David Woodhouse July 25, 2024, 3:18 p.m. UTC | #17
On Thu, 2024-07-25 at 10:11 -0400, Michael S. Tsirkin wrote:
> On Thu, Jul 25, 2024 at 02:50:50PM +0100, David Woodhouse wrote:
> > Even if the virtio-rtc specification were official today, and I was
> > able to expose it via PCI, I probably wouldn't do it that way. There's
> > just far more in virtio-rtc than we need; the simple shared memory
> > region is perfectly sufficient for most needs, and especially ours.
> 
> I can't stop amazon from shipping whatever in its hypervisor,
> I'd just like to understand this better, if there is a use-case
> not addressed here then we can change virtio to address it.
> 
> The rtc driver patch posted is 900 lines, yours is 700 lines, does not
> look like a big difference.  As for using a memory region, this is
> valid, but maybe rtc should be changed to do exactly that?

I'm certainly aiming for virtio-rtc to include that as an *option*,
because I think I don't think it makes sense for an RTC specification
aimed at virtual machines *not* to deal with the live migration
problem.

AFAICT the only ways to deal with the LM problem are either to make a
hypercall/virtio transaction for *every* clock read which needs to be
accurate, or expose a memory region for the guest to do it "vDSO-
style".

And similarly, unless we want guest userspace to have to make a
*system* call every time, that memory region needs to be mappable all
the way to userspace.

The use case isn't necessarily for all users of gettimeofday(), of
course; this is for those applications which *need* precision time.
Like distributed databases which rely on timestamps for coherency, and
users who get fined millions of dollars when LM messes up their clocks
and they put wrong timestamps on financial transactions.

> E.g. we can easily add a capability describing such a region.
> or put it in device config space.

I think it has to be memory, not config space. But yes.

The intent is that my driver would be usable with the shared memory
region from a virtio-rtc device too. It'd need a tiny amount of
refactoring of the discovery code in vmclock_probe(), which I haven't
done yet as it would be premature optimisation. 

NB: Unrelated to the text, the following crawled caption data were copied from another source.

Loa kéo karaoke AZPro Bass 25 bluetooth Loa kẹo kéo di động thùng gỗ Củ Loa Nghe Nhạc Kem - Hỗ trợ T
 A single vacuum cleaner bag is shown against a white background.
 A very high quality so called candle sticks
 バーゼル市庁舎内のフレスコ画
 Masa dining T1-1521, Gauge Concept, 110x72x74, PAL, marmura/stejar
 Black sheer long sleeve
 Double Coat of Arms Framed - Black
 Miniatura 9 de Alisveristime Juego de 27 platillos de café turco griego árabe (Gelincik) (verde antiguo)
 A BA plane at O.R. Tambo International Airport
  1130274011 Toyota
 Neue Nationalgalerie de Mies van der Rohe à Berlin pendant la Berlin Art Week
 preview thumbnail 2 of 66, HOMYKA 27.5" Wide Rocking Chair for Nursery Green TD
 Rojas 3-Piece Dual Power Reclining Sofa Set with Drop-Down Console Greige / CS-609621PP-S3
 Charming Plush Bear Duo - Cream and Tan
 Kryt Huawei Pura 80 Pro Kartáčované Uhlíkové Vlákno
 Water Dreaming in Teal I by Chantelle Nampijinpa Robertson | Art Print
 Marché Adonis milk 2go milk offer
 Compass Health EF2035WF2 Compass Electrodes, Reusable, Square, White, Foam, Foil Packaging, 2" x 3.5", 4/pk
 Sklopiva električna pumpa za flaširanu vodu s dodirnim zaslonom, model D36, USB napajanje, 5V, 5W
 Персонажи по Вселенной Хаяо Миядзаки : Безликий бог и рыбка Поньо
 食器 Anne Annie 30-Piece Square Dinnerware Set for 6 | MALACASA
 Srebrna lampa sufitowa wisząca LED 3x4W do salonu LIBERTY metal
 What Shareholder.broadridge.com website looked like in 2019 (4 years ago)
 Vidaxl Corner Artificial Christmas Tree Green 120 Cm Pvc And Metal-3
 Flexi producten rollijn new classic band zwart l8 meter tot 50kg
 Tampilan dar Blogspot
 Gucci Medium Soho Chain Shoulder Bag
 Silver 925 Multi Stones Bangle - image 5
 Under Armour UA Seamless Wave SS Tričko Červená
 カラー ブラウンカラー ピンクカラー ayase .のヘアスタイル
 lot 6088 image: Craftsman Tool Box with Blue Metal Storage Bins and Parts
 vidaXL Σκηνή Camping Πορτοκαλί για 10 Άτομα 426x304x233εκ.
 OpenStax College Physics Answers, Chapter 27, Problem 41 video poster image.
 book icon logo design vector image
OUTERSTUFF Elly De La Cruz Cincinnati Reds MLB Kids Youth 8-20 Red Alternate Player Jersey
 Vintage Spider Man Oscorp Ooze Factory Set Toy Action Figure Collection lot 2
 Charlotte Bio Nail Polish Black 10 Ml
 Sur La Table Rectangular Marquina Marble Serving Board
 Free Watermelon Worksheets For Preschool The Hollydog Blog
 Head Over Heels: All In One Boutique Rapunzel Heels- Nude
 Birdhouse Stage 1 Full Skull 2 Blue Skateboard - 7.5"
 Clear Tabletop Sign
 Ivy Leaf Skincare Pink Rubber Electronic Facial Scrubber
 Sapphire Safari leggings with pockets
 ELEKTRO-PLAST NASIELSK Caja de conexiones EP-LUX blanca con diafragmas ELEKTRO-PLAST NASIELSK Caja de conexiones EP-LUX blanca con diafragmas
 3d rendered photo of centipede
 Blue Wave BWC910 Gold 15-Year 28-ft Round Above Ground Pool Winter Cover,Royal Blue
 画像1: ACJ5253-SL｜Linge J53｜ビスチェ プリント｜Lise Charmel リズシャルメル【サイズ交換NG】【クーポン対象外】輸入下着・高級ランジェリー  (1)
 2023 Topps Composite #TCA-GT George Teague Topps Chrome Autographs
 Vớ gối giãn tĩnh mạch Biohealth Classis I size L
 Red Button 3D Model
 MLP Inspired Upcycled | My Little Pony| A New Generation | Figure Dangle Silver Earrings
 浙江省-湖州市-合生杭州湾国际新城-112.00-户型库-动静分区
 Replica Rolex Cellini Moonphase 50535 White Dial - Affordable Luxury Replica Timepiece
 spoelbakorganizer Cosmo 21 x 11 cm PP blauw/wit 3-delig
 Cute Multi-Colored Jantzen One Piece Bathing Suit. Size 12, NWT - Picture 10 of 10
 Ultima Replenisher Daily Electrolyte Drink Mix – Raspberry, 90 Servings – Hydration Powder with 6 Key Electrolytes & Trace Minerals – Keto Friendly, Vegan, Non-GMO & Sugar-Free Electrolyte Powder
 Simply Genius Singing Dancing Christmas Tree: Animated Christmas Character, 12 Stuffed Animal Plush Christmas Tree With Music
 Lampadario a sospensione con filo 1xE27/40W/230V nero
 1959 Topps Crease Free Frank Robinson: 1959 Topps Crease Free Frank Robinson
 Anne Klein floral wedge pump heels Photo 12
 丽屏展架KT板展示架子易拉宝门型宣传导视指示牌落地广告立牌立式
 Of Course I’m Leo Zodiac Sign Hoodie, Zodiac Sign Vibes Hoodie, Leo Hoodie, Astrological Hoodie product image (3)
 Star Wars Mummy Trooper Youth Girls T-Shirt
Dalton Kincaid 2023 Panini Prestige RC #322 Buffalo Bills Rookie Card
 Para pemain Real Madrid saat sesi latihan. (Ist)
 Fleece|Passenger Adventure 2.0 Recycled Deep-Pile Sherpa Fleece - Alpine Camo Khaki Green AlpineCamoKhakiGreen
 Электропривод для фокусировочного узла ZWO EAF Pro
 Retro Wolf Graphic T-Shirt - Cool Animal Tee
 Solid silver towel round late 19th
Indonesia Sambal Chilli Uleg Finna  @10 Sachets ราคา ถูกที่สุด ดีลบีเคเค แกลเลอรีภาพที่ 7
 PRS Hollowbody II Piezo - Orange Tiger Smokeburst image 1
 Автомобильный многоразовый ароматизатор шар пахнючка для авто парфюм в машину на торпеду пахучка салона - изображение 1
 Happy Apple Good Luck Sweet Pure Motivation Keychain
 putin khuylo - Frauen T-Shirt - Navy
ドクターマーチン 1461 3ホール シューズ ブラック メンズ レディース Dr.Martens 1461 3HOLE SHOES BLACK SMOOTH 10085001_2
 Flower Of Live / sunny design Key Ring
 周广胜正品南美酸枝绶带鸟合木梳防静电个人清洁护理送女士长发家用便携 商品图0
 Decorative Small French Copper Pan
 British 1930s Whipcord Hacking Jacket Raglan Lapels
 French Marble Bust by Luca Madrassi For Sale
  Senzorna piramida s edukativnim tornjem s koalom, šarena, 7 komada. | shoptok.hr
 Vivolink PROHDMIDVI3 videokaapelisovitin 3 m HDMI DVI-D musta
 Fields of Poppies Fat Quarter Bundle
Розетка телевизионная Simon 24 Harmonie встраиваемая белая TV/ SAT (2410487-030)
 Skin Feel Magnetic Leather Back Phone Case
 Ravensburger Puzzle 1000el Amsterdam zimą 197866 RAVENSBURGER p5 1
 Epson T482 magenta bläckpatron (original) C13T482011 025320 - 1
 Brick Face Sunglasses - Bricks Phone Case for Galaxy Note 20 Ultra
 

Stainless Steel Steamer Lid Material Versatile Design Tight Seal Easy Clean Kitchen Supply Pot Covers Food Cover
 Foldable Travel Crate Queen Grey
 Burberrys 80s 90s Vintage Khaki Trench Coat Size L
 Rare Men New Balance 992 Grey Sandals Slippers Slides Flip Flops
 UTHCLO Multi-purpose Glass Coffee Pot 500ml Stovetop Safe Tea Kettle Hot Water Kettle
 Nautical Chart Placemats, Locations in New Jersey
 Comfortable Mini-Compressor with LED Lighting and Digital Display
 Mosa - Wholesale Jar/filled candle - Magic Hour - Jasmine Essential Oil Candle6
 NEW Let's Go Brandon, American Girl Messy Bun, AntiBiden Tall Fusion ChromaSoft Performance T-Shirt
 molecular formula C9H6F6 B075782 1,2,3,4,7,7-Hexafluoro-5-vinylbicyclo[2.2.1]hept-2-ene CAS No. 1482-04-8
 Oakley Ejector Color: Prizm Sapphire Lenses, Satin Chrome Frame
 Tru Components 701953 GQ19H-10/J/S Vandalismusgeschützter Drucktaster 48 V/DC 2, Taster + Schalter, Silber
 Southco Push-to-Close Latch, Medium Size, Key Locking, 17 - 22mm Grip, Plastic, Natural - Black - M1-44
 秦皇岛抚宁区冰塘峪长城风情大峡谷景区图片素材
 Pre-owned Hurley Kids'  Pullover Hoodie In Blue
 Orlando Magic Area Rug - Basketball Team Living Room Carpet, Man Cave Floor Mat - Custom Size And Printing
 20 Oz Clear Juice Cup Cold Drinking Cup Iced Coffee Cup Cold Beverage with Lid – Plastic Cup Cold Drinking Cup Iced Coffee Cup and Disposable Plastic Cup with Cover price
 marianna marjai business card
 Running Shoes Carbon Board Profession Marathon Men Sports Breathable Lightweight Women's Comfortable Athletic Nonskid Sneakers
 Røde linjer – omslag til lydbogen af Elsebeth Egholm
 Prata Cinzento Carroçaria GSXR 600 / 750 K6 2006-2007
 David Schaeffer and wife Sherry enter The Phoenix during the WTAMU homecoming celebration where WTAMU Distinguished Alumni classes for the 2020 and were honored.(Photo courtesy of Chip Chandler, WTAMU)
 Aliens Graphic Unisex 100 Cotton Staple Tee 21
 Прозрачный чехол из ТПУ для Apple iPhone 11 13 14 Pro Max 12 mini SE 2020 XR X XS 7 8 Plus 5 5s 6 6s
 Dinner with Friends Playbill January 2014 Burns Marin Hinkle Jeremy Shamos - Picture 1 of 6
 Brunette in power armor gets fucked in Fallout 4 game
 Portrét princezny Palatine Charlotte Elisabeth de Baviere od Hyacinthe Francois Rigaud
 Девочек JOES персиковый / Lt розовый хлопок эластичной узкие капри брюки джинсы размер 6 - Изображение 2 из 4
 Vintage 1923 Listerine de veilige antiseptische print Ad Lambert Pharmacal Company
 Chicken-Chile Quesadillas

> I mean yes, we can build a new transport for each specific need but in
> the end we'll get a ton of interfaces with unclear compatibility
> requirements.  If effort is instead spent improving common interfaces,
> we get consistency and everyone benefits. That's why I'm trying to
> understand the need here.

It's simplicity. Because this isn't even a "transport". It's just a
simple breadcrumb given to the guest to tell it where the information
is.

In the fullness of time assuming this becomes part of virtio-rtc too,
the fact that it can *also* be discovered by ACPI is just a tiny
detail. And it allows hypervisors to implement it a *whole* lot more
simply.

The addition of an ACPI method to enable the timekeeping does make it a
tiny bit more than a 'breadcrump', I concede — but that's still
basically trivial to implement. A whole lot simpler than a full virtio
device.
Michael S. Tsirkin July 25, 2024, 4:38 p.m. UTC | #18
On Thu, Jul 25, 2024 at 04:18:43PM +0100, David Woodhouse wrote:
> On Thu, 2024-07-25 at 10:11 -0400, Michael S. Tsirkin wrote:
> > On Thu, Jul 25, 2024 at 02:50:50PM +0100, David Woodhouse wrote:
> > > Even if the virtio-rtc specification were official today, and I was
> > > able to expose it via PCI, I probably wouldn't do it that way. There's
> > > just far more in virtio-rtc than we need; the simple shared memory
> > > region is perfectly sufficient for most needs, and especially ours.
> > 
> > I can't stop amazon from shipping whatever in its hypervisor,
> > I'd just like to understand this better, if there is a use-case
> > not addressed here then we can change virtio to address it.
> > 
> > The rtc driver patch posted is 900 lines, yours is 700 lines, does not
> > look like a big difference.  As for using a memory region, this is
> > valid, but maybe rtc should be changed to do exactly that?
> 
> I'm certainly aiming for virtio-rtc to include that as an *option*,
> because I think I don't think it makes sense for an RTC specification
> aimed at virtual machines *not* to deal with the live migration
> problem.
> 
> AFAICT the only ways to deal with the LM problem are either to make a
> hypercall/virtio transaction for *every* clock read which needs to be
> accurate, or expose a memory region for the guest to do it "vDSO-
> style".

virtio can support the second option, we already have
VIRTIO_PCI_CAP_SHARED_MEMORY_CFG, I'd just use it.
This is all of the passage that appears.